Image-caption web data
__________________________________________________

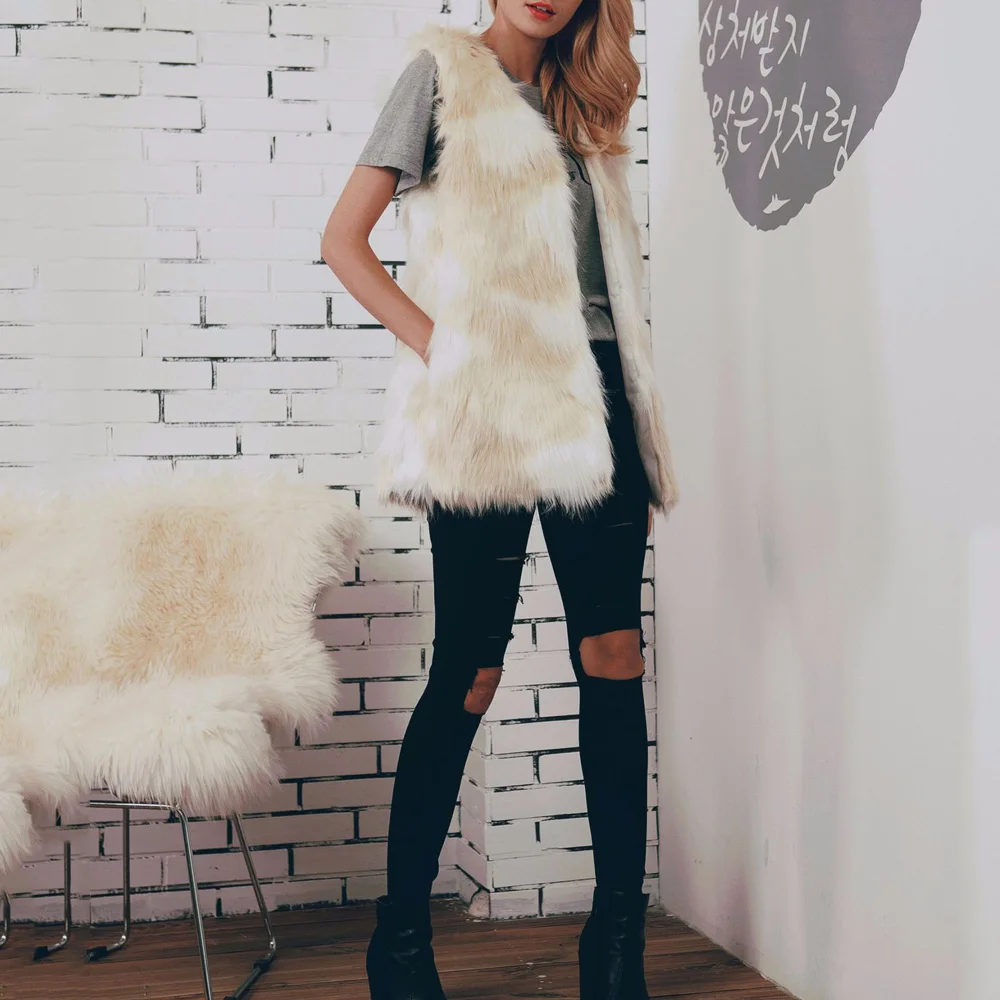 Хорошее Женское пальто из искусственного меха осенне-зимняя теплая женская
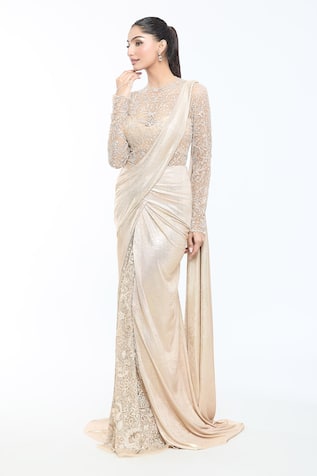 Tarun Tahiliani Pre-Draped Concept Saree & Embroidered Bodysuit Set 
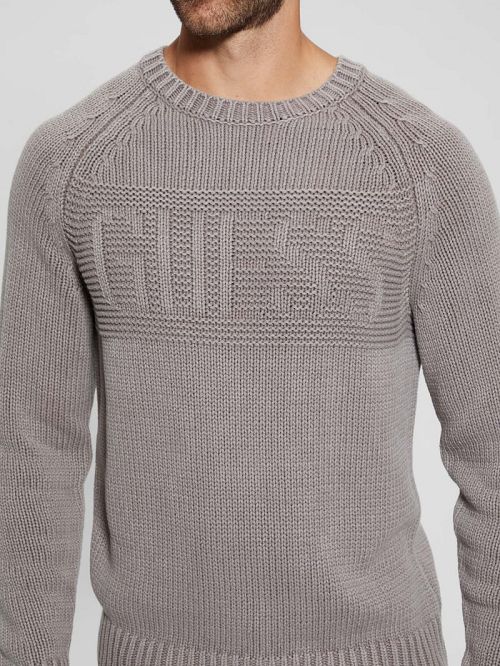 Guess Ellery Stitched Logo Sweater Maro | GUESS-SN31061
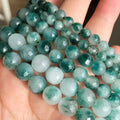 4/6/8/10/12MM Faceted Green Chalcedony Jades Natural Semi Gemstone Loose Beads Stone Jewelry Making DIY Bracelet Necklace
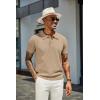 imageCOOFANDY Mens Knit Polo Shirts Short Sleeve Classic Fit Shirts Casual Goft Collared Textured T ShirtKhaki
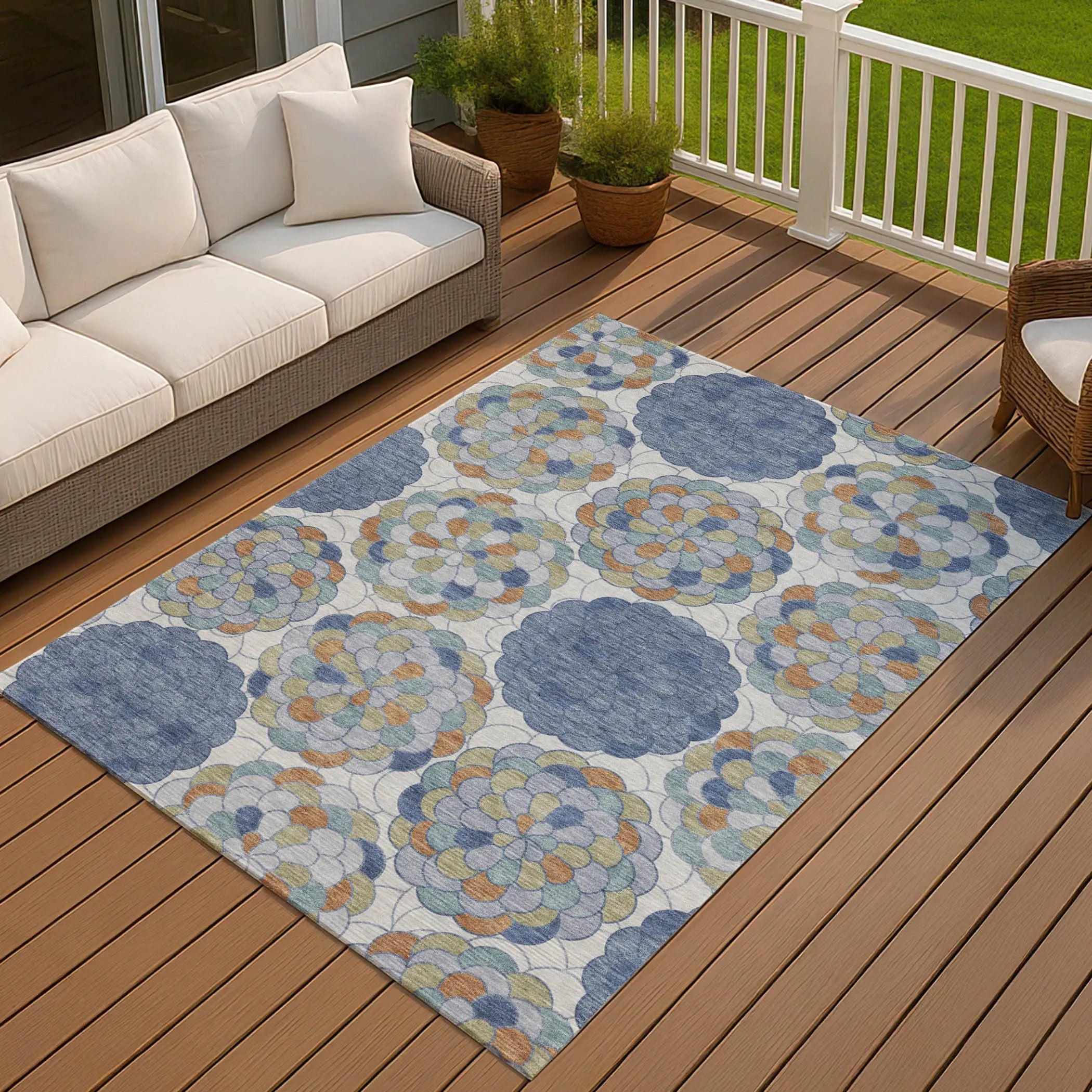 3' X 5' Denim Blue And Silver Floral Washable Indoor Outdoor Area Rug Homeroots Outdoor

__________________________________________________

Work order
Restate the data word for word from its first line through the line with "4/6/8/10/12MM Faceted Green", leaving out any picture along the way.

Result of the task
 Хорошее Женское пальто из искусственного меха осенне-зимняя теплая женская
 Tarun Tahiliani Pre-Draped Concept Saree & Embroidered Bodysuit Set 
 Guess Ellery Stitched Logo Sweater Maro | GUESS-SN31061
 4/6/8/10/12MM Faceted Green Chalcedony Jades Natural Semi Gemstone Loose Beads Stone Jewelry Making DIY Bracelet Necklace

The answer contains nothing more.